OLEH H. Kamardi Rais Dt. P. Simulie (Ketua Umum LKAAM
Sumbar)
Judul
yang diberikan kepada saya dalam ceramah ini adalah Orientasi Umum tentang Adat
Minangkabau sebagaimana tertera dalam makalah ini.
Suatu orientasi umum
tentulah amat luas cakupannya. Karena luasnya tentulah akan meminta waktu yang
panjang. Sementara waktu yang telah dijadwalkan belumlah tersedia untuk itu.
Barangkali yang dapat dikemukakan dalam ceramah ini hanya beberapa aspek saja
tentang adat tersebut.
Menurut
pendapat ahli Hikmat, di lapangan yang luas sulit untuk menggali lebih dalam
karena luasnya areal (lahan). Sementara kalau kita menggali sebuah sumur yang
sudah jelas lahannya kecil dan terbatas, maka penggalian sumur pastilah dalam.
Artinya
jika salah satu aspek yang kita bahas tentulah akan dapat kita kembangkan dan
kita gali lebih dalam.
Judul yang diberikan
kepada saya adalah orientasi
umum. Apakah yang dimaksud dengan orientasi? Dari kata apa asalnya orientasi
itu?
Banyak
di antara kita yang hanya pandai mengucapkan saja, tapi tidak tahu apa
pengertian suatu kata. Banyak orang yang begitu latah memakai bahasa asing
hanya dengan tujuan agar dia dianggap seorang yang keren atau seorang yang
intelektual.
Nah,
baiklah saya kemukakan di sini bahwa kata orientasi berasal dari kata Inggeris
: orient. Artinya timur.
Sementara kata orientasi berarti : tinjauan, tolehan atau pandangan.
Kok
begitu jauh antara kata : timur
dengan tinjauan?
Begini ceritanya.
Dulu,
orang Barat yang ahli tentang ketimuran, soal Asia yang merupakan belahan bumi
timur menyerukan kepada orang-orang di Barat se-samanya : Hei! Kalian ini
menghadaplah ke Timur, ke Orient! “Lama-lama kata orient atau timur itu menjadi
“ke timurlah, orient, oriental, oriented, orientation!”. Kemudian berarti :
tinjauan, pandangan atau yang dalam KBBI (Kamus Besar Bahasa Indonesia,
orientasi berarti : lakukanlah peninjauan untuk menentukan sikap kita).

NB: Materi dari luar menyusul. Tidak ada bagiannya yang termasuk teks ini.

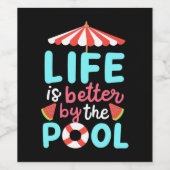 De levenszwemmer is beter voor de pool wijn etiket (Enkel label)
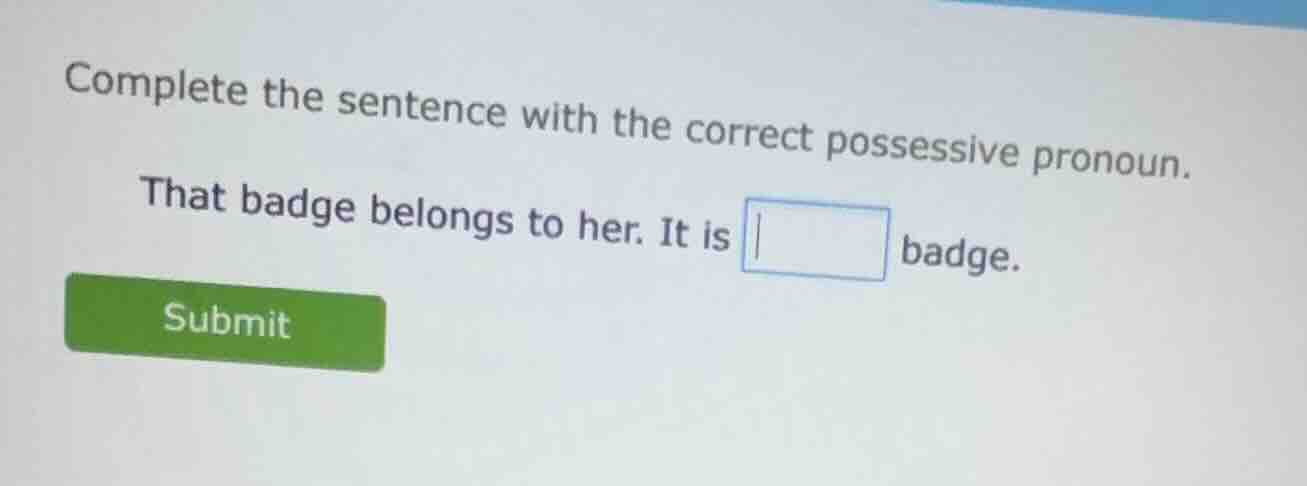complete the sentence with the correct possessive pronoun. that badge b…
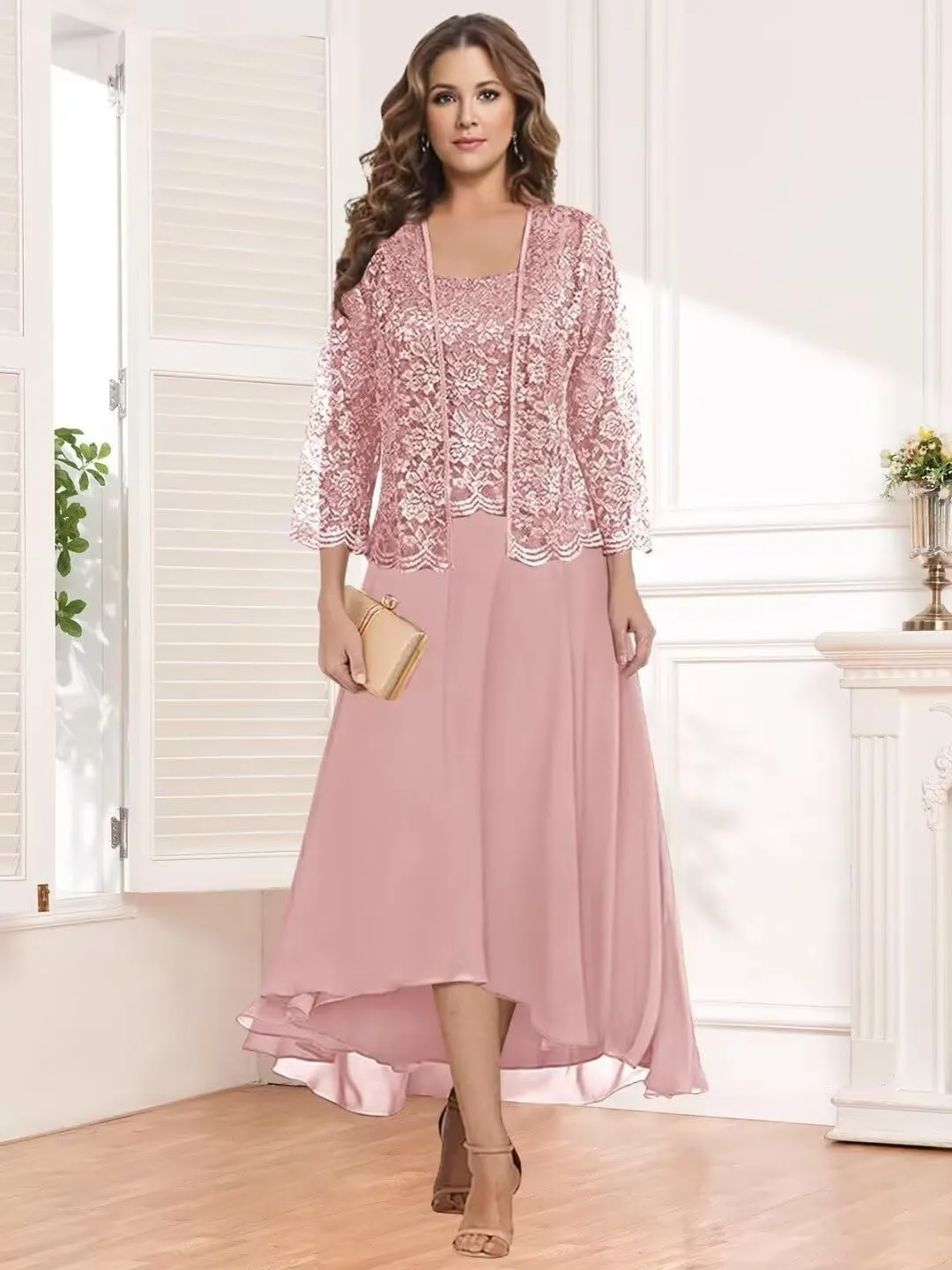 Stylefun Women's Lace Mother of The Bride Dresses with Jacket 3/4 Sleeve Chiffon Long Formal Dresses Evening Gowns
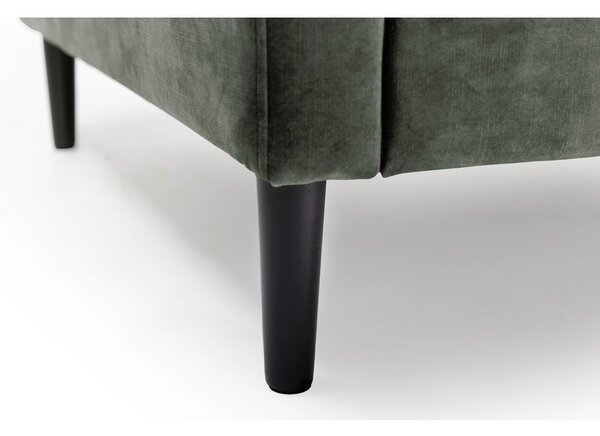 Zielono=szara sofa z aksamitnym obiciem Scandic Adagio, szer. 153 cm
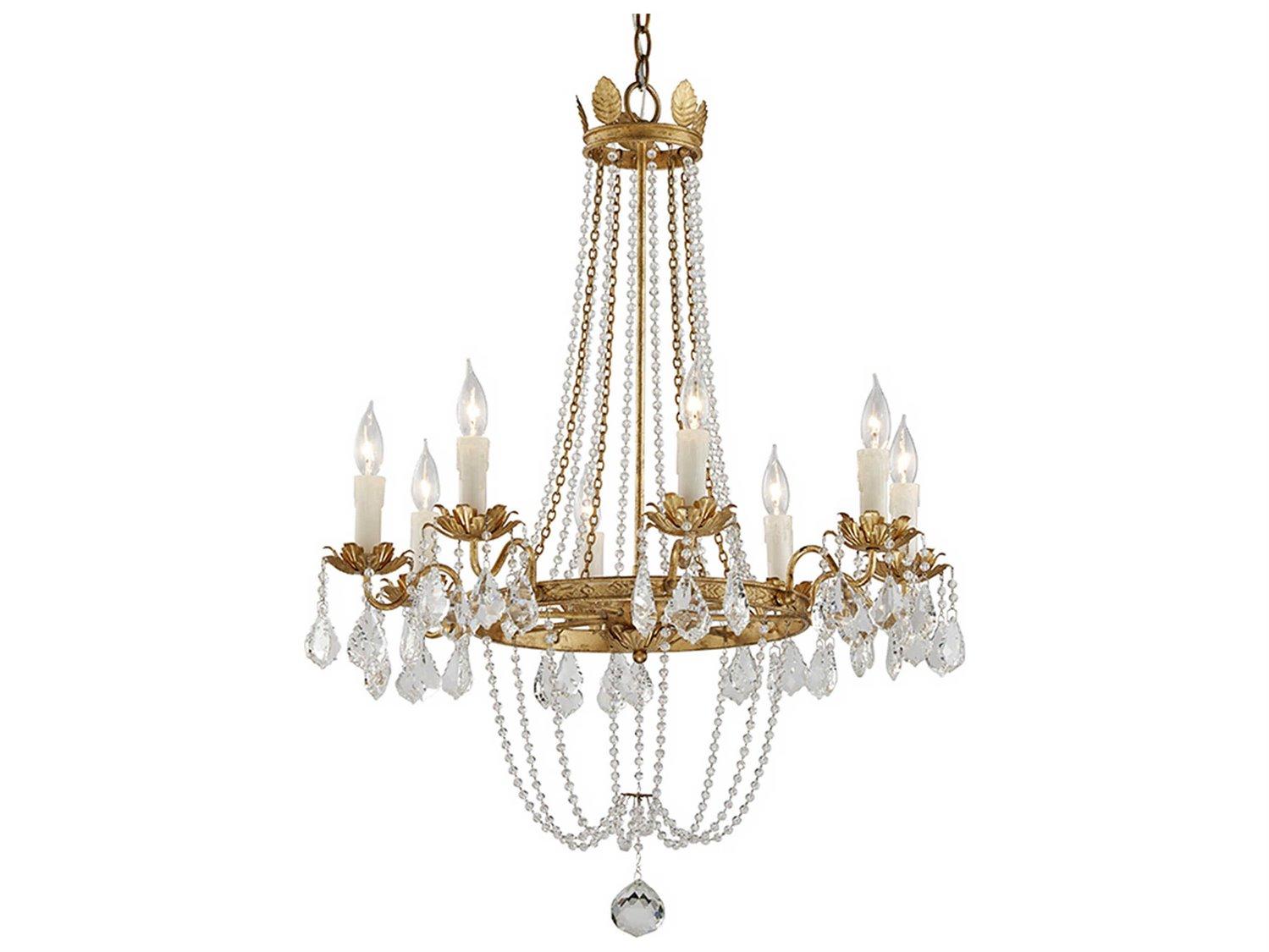 Troy Lighting Viola 8-Light Distressed Gold Leaf Glass Candelabra Chandelier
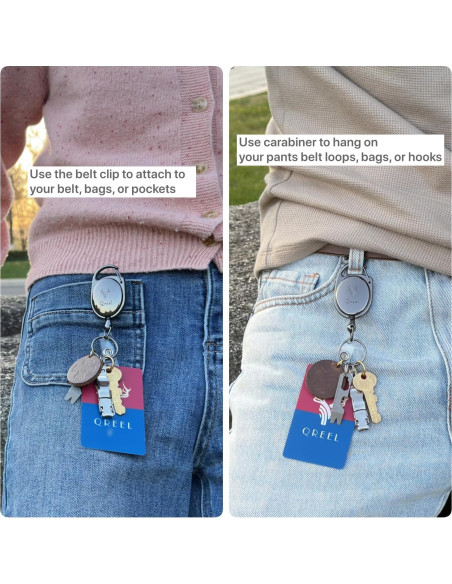 Llavero Retráctil de Metal QREEL con Clip y Mosquetón - Paquete de 2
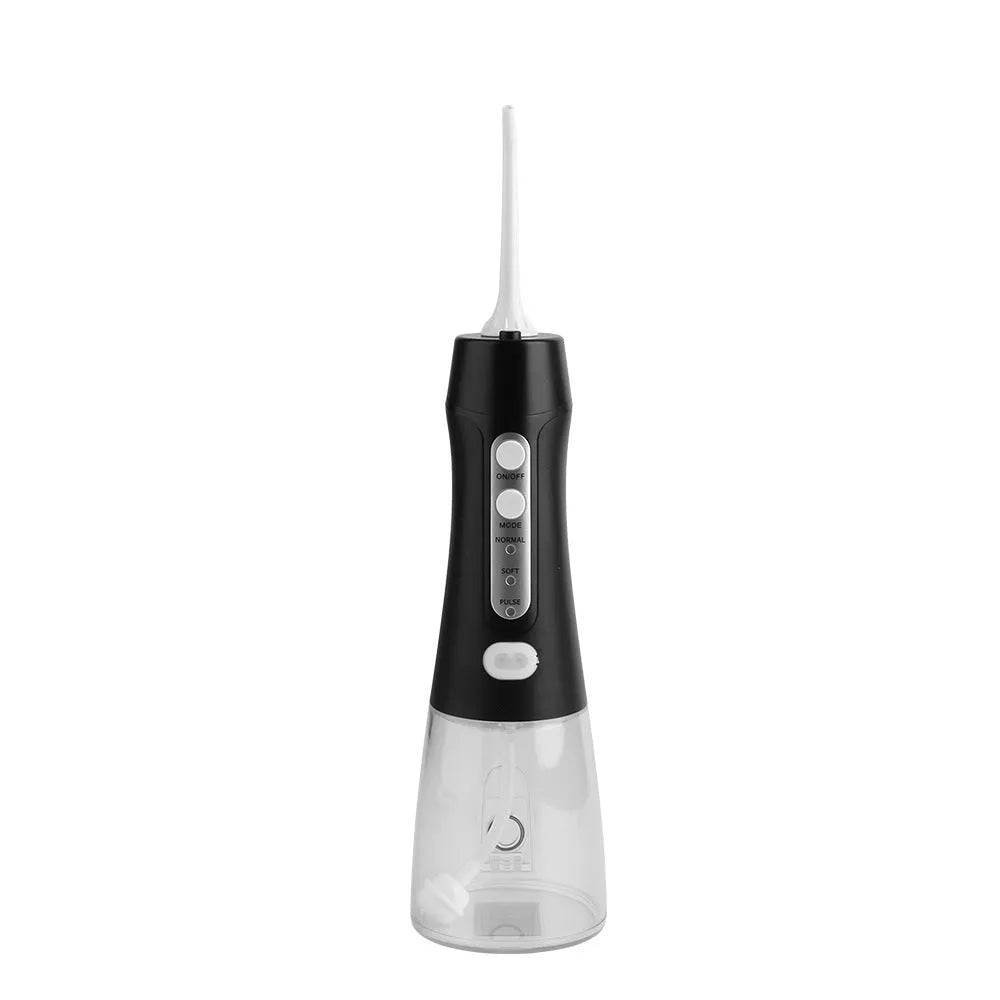 Portable electric tooth pulse water flosser with 300ml tank and three pressure modes in avocado green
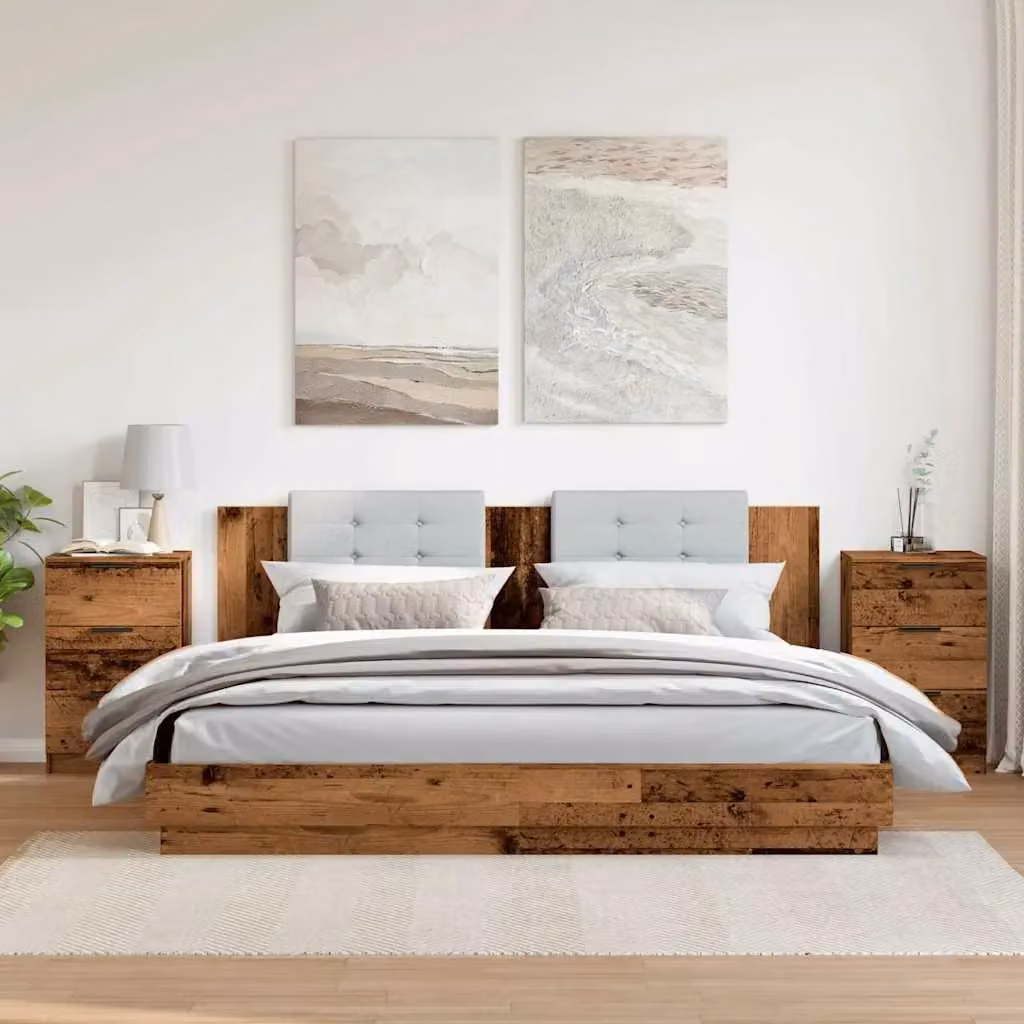 Berkfield Home Set of 2 Bedside Cabinets in Old Wood Brown, W/D/H: 40 x 36 x 65 cm – 3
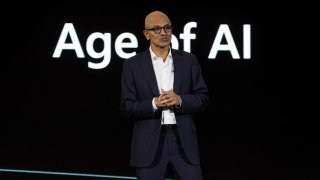 Microsoft CEO Satya Nadella speaks at a company event on artificial intelligence technologies in Jakarta, Indonesia, on April 30, 2024. Microsoft will invest $1.7 billion to build out cloud computing and artificial intelligence infrastructure in Indonesia, betting on Southeast Asia’s biggest economy to spur growth.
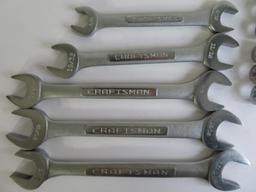 15 Craftsmen wrenches, box end, combination and open wrenches, Standard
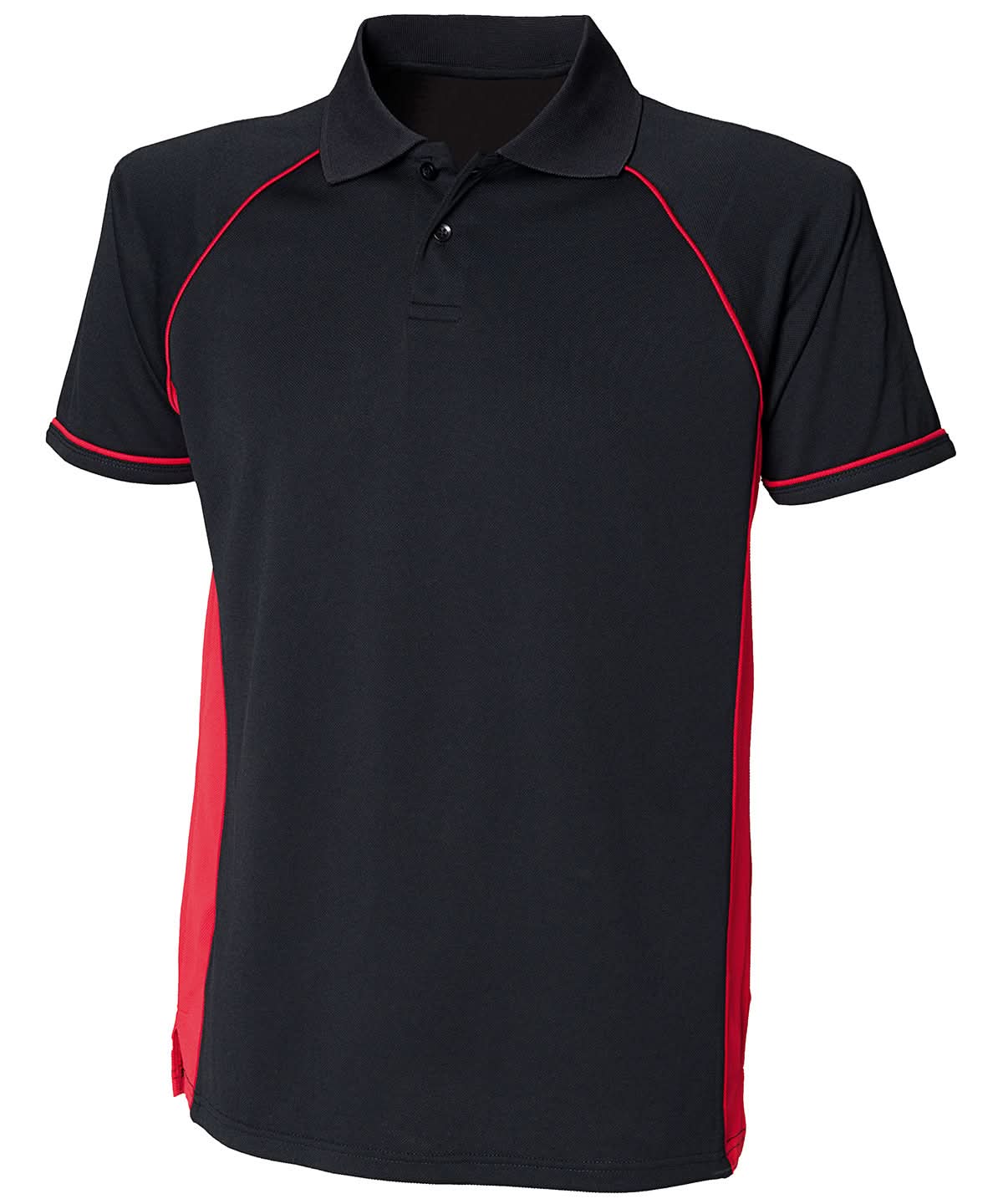 Finden & Hales Finden Hales Panel performance polo LV310 - Black Red Red - Customisable Polos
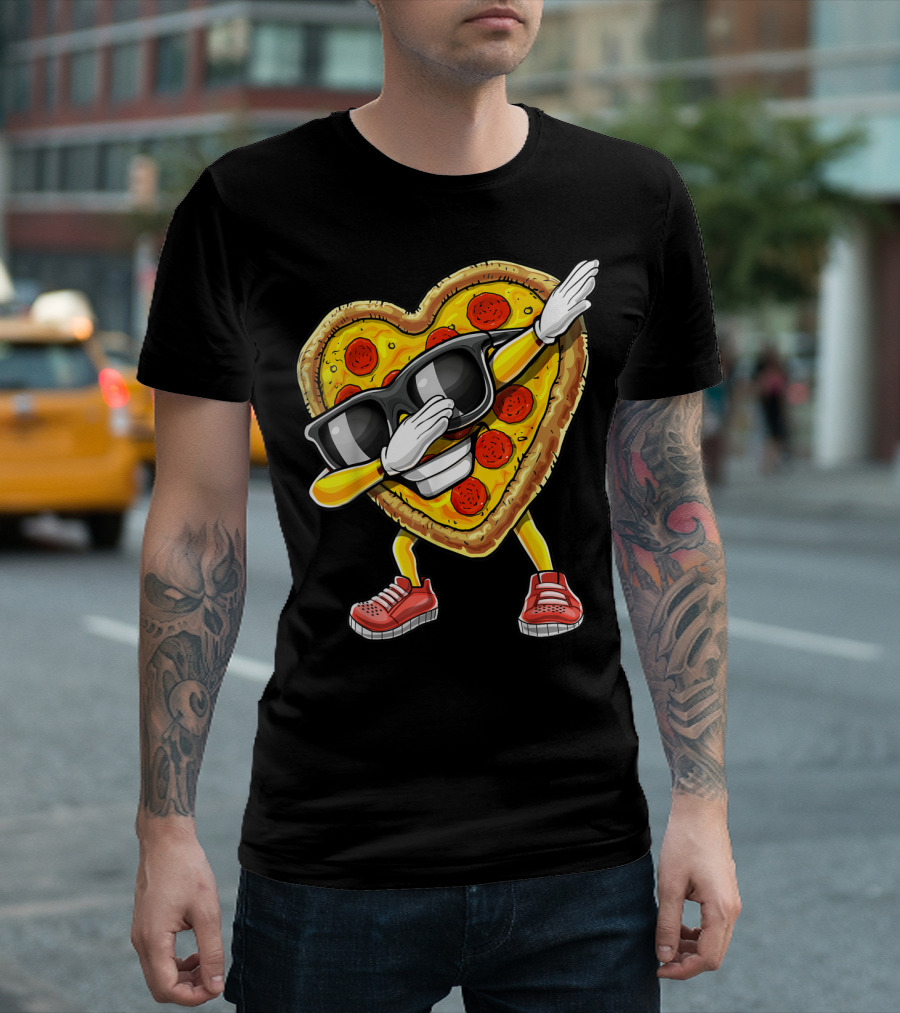Dabbing Heart-Shaped Pizza Valentine's Day Love T-Shirt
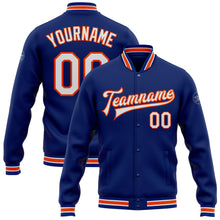 Load image into Gallery viewer, Custom Royal White-Orange Bomber Full-Snap Varsity Letterman Jacket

Orientalis artinya ahli tentang ketimuran.
Jadi
Orientasi Umum artinya tinjauan kita secara umum tentang adat Minangkabau.
Apa yang dimaksud dengan adat?
Kata adat berasal dari
kata Arab : ‘Adah. Artinya sesuatu yang dikerjakan atau diucapkan berulang
kali. Dengan kata lain suatu tradisi yang berlaku secara turun temurun, suatu
kebiasaan.
Istilah lainnya dalam
bahasa Arab disebut ‘urf, artinya yang dikenal dan dianggap baik serta diterima
oleh akal sehat. Menurut para ahli usul fikih, antara ‘adah (adat) dan ‘urf
tidak jauh berbeda. Definisi antara ‘adah (adat) dengan ‘urf adalah sesuatu yang
telah menjadi kebiasaan manusia dalam hal mu’amalah (masalah sosial atau
hubungan manusia se-samanya).
Di negeri kita
Indonesia, kata ‘urf jarang terpakai. Yang lazim dipakai adalah kata Adat. Yang
dimaksud dengan Adat adalah “wujud gagasan kebudayaan yang terdiri atas
nilai-nilai budaya, norma, hukum dan aturan-aturan yang satu sama lainnya
berkaitan menjadi satu sistem”.
Tegasnya adat itu adalah
norma, aturan dan hukum yang bagi orang Minangkabau adalah aturan dan hukum
adat Minangkabau. Di samping itu adat juga berarti budaya yang telah
mentradisi.
Sebagai norma, contohnya
aturan perkawinan atau nikah-kawin menurut adat Minangkabau. Kita kawin di luar
kerabat. Itulah yang disebut dengan eksogami. Maksudnya kelak untuk menentukan
mana yang anak dan mana yang kemenakan dari hasil perkawinan itu. Oleh
karenanya nenek moyang kita menggariskan tidak boleh kawin se-suku atau dalam
satu payung mamak.
Terhadap masalah itu ada
aturan yang sudah membudaya disebut sebagai : “Nikah dengan si perempuan, kawin
dengan Ninik Mamak”. Artinya harus bertemu (setuju) mamak yang satu dengan
mamak yang lain yang kedua mamak itu harus berbeda payungnya. “Hutang syarak
tanggungjawab bapo, hutang adat baban mamak”.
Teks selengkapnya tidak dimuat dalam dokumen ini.